Paper No. 177-12
Presentation Time: 4:20 PM
NEW DEPOSITIONAL AGE CONSTRAINTS FOR THE CRETACEOUS-PALEOGENE TRANSITION (HELL CREEK REGION, WILLISTON BASIN)
The Hell Creek region of the northwestern Williston Basin contains Late Cretaceous through Paleocene terrestrial strata which encompass the Cretaceous-Paleogene Boundary (KPB) mass extinction. Cretaceous units record ~300ka of pre-KPG paleoenvironmental changes, extinctions, ecological decline, and climate change, though the tempo of these processes remain ambiguous due to a paucity of interbedded tephra.
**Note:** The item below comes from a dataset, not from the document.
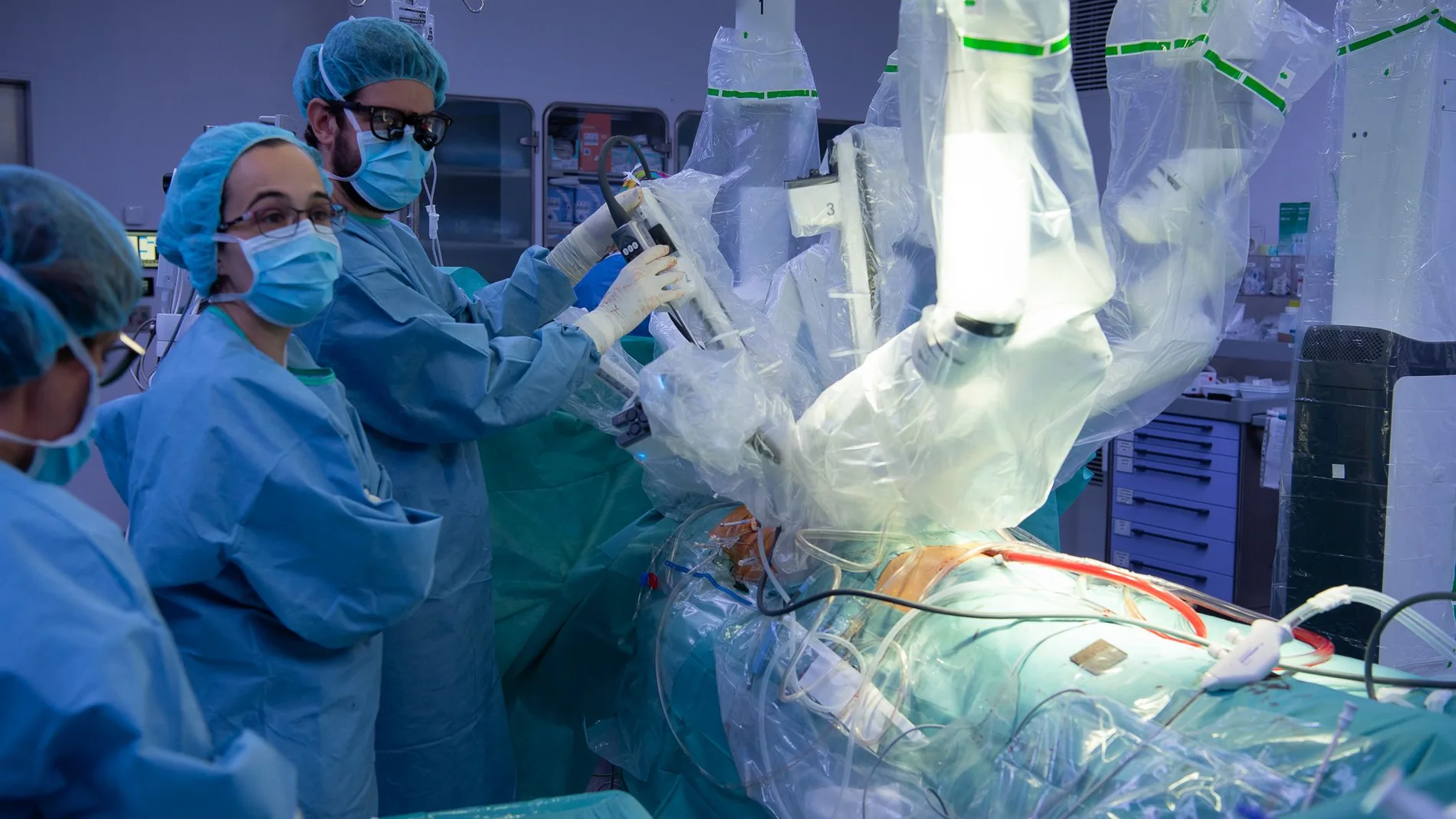 Los doctores Daniel Pereda y Elena Sandoval trabajan con el robot Da Vinci dentro del quirófano del Hospital Clínic para restaurar la válvula mitral de un corazón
The Paleogene Fort Union Fm. contains abundant tephra which have been used to construct a high-resolution chronologic framework, however, this is difficult to attain within the energetic fluvial strata of the Cretaceous Hell Creek Fm. Here we refine the chronostratigraphic framework for the Hell Creek region using coupled single crystal U-Pb zircon CA-TIMS and Ar-Ar sanidine geochronology of detrital crystals recovered from sandstones. Zircons were separated and screened using LA-ICP-MS to identify juvenile crystals. The youngest zircon crystals, including those which experienced obvious post-depositional Pb-loss, were further analyzed using CA-TIMS. Sanidines from the same depositional horizons were separated and analyzed in single grain total fusion experiments. Results show that a robust population of Fort Union sanidine fall within expected depositional ages. A Hell Creek Fm. sandstone ~40m below the KPB contains overlapping populations of volcanic zircon and sanidine that fall within expected depositional ages indicating that volcanic sources were active during the late Cretaceous. Both Cretaceous and Paleogene sandstones express similar modes of detrital sanidine which provide insight into paleo-incision depths and could suggest the presence of older preserved tephra layers. This work stands as a crucial test for furthering applications of detrital mineral chronology within Cretaceous units of the Hell Creek region, and for the extraction of depositional ages from redeposited crystals in sedimentary layers.